To do my job better and to stay alive, I was working at picking these things up. I was adjusting my demeanor and the way I looked at things. So that I could ask the right questions and see the right things, I was learning not only how to act like a wiseguy, but also how to think like a wiseguy. When Lefty and I bounced around to different spots, I began to see the same things he did, pick up things the way he did. Like wiseguys, I was learning not to volunteer that I didn’t know things. Keep your mouth shut and absorb as fast as possible. The key is, you act like you know, so that by the time they find out you didn‘t, you do.

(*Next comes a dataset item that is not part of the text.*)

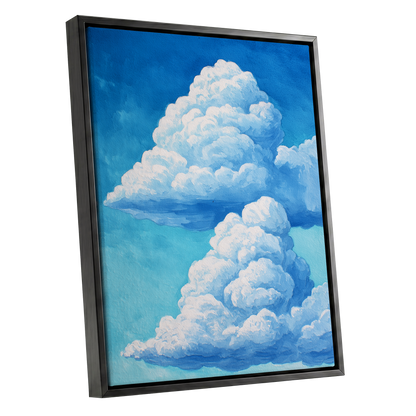 Azure Cloud Towers, blue, white, beige nature wall art shown as a black framed canvas wall art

Lefty was the epitome of the wiseguy. He was at it twenty-four hours a day, scheming. On the street, in wiseguy situations, he was savvy and sharp and tough. That’s why he got a lot of respect from wiseguys. But you take him off his turf and you find out he’s just a small-town guy in some ways, unsophisticated about the rest of the world.

One afternoon we’re sitting in the lounge of a hotel, and there is this really nice-looking woman across the room who keeps looking at me.

“That lady can’t take her eyes off you, Donnie,” Lefty says. “Why don’t you invite her over to the table?”

I smile, she smiles. “Lefty, she’s probably a hooker.”

“Naw, Donnie, you’re nuts. She’s too nice. Good clothes. Hookers don’t dress like that.”

“Left, this is California. People dress different.”

“Not hookers. She’s probably a regular business lady. Come on, Donnie, she thinks you’re a good-looking guy, and she’d like to get to know you. Invite her over.”

The only way to stop Lefty when he got onto something was to do what he said. So I ask the waitress to invite the woman to our table. She comes over and sits down. Lefty doesn’t want to be in the way of this sweet flirtation, so right away he says, “Well, I think I’ll go up and take a little nap,” and he leaves.

I chat with the lady, and it doesn’t take five minutes to find out that she is a hooker. I go up to the room and tell Lefty. “I can’t believe it!” he says. “She didn’t have all the makeup or the short skirt or anything. How you supposed to tell?” He laughs. “Hey, Donnie, you got to watch yourself out here. You’ll lose all your New York instincts.”

Although he traveled a lot on mob business, he was used to somebody booking his flights. When he had to join me someplace, he wanted me to book his flights. I found out why one time when he had to book his own flight. He got intimidated and called me. “Donnie, at the airline they wanna know when I’m coming back.”